God transcends space entirely; “dimension” does not apply to God.
Everhart
“Trans-dimensional” = existing in a mode of time and being that is not the same as our spacetime.
God is temporally real, but not bound to our temporal axis.
Willink
“Trans-dimensional” = God resides in a literal higher-dimensional space (‘hyperspace’) that interpenetrates our 3-D world.
B. How each model explains God interacting with our spacetime
Craig
Interaction is purely non-spatial: God is present to every place without having spatial extension.
He influences all dimensions without being inside any.
Everhart
Interaction happens by temporal intersection:
God’s own mode of time intersects with created spacetime, allowing free, relational interaction.
Willink
Interaction happens by dimensional penetration:
Just as a 3-D being can intersect a 2-D world, God intersects our 3-D realm from a higher dimension.
C. View of divine time
Craig
Dual possibilities:
- Timeless (without created world), and
- Temporal (once creation exists),
but God’s time isn’t measured by physical processes.
Everhart
God has His own time, genuinely temporal, yet not the same as created time.
Willink
God is temporal within hyperspace—time exists in hyperspace and God experiences it.
D. What “heaven” means
Craig
Not a spatial realm; heaven is a non-dimensional reality of God’s presence.
Everhart
Heaven is a distinct mode of existence with its own temporal structure.
Willink
Heaven is literally a higher-dimensional location with coordinates in hyperspace.

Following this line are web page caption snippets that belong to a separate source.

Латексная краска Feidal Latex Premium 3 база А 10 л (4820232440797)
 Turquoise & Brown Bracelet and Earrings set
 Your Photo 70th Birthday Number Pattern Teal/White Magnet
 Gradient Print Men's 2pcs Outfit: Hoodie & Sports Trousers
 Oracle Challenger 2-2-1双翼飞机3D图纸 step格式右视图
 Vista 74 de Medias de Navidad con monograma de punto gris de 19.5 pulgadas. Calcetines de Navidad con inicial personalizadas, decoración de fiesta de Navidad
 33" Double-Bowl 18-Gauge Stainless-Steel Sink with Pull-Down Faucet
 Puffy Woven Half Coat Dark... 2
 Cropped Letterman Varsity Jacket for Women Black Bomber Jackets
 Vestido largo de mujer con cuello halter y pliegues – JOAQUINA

E. How each deals with divine omnipresence
Craig
Omnipresence = non-spatial immediacy (God is present everywhere without spatial spread).
Everhart
Omnipresence = God’s transcendent temporality and being allow simultaneous presence in all spacetime.
Willink
Omnipresence = God occupies a dimension that “envelops” our own—like a 4-D being containing all 3-D spaces.
3. Practical Summary
If you want a model that is closest to classical theology → choose Craig.
God does not occupy any dimension; “dimension” is a category mistake when applied to God.
If you want a model that preserves God’s temporality → choose Everhart.
God has time, but not bound to our time.
If you want a model that uses real geometry and higher dimensions → choose Willink.
God exists in hyperspace and interacts with our 3-D world like a higher-dimensional being.